Business Reengineering Revisited

X-Engineering the Corporation: Reinventing Your Business in the Digital Age

James Champy

Warner Business Books, 2002

232 pages; $29.95

ISBN: 0-446-52800-5

Business author James Champy gained widespread renown with his first book, Reengineering the Corporation. With over 2.5 million copies sold worldwide, the best seller led legions of business executives back to the drawing board to rebuild the processes and cultures that gave life to their companies.

In his latest work, X-Engineering the Corporation: Reinventing your Business in the Digital Age, Champy shares his views on how forward-thinking organizations are developing new ways of doing business by embracing the capabilities of a world of free-flowing information and products.

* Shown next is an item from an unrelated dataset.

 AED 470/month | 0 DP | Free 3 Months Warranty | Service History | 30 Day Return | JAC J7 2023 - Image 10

Champy's X-Engineering concept calls for business to turn competitors into allies by sharing goals and avoiding overlap for mutual prosperity, without sacrificing proprietary information. The nature of competition today, Champy asserts, is leading many companies to the conclusion that cooperation is a better path to success. With companies collaborating and sharing information regarding process improvements, redundancies can be eliminated, waste can be reduced, and potentially billions of dollars can be saved.

The path to the X-Engineering process, Champy writes, begins with the answers to three questions. First, how must a company change? Second, what will the benefit be? And third, with whom should we collaborate? With the answers to those questions in hand, Champy says the three Ps of the X-Engineering triangle are formed: process, proposition, and participation.

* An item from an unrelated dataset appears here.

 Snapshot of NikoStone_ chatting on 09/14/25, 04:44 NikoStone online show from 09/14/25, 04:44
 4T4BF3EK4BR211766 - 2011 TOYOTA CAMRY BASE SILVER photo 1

The points raised by Champy are well-illustrated in the book with real-world examples. He describes in detail, for instance, how EMC Corp., by listening to its customers and responding, launched new products in rapid fashion, innovated faster, created less expensive manufacturing methods, and broke new barriers in customer service. The result was one of the fastest corporate growth cycles in business history.

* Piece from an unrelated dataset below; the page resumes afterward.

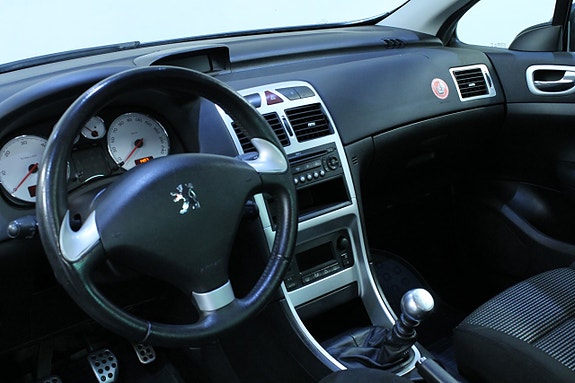 Peugeot 307 CC 8 of 10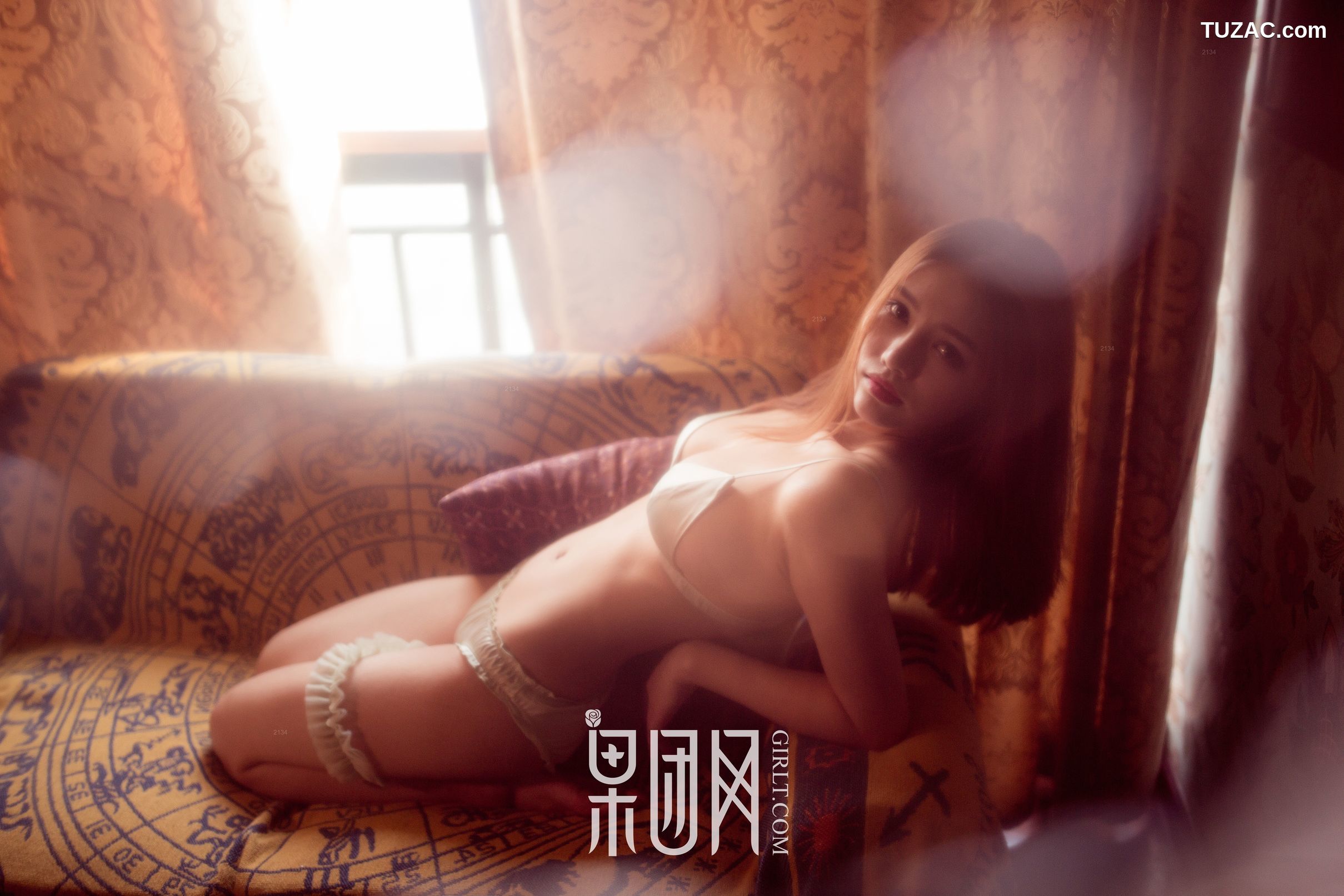 GIRLT果团网-熊川纪信-026-果团狂欢节-内衣秀邀君共赏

In its conclusion, Champy warns that X-Engineering is by no means a final destination for business advancement. It does, though, set the stage for the ongoing nurturing of innovation. This innovation will be supported by a flow of information, largely enabled by the emergence of technologies such at the Internet. The X-Engineering process, he notes, takes business to "a place where information technology supports and improves the human potential, and where work has been designed to make it less of a burden and more of a joy."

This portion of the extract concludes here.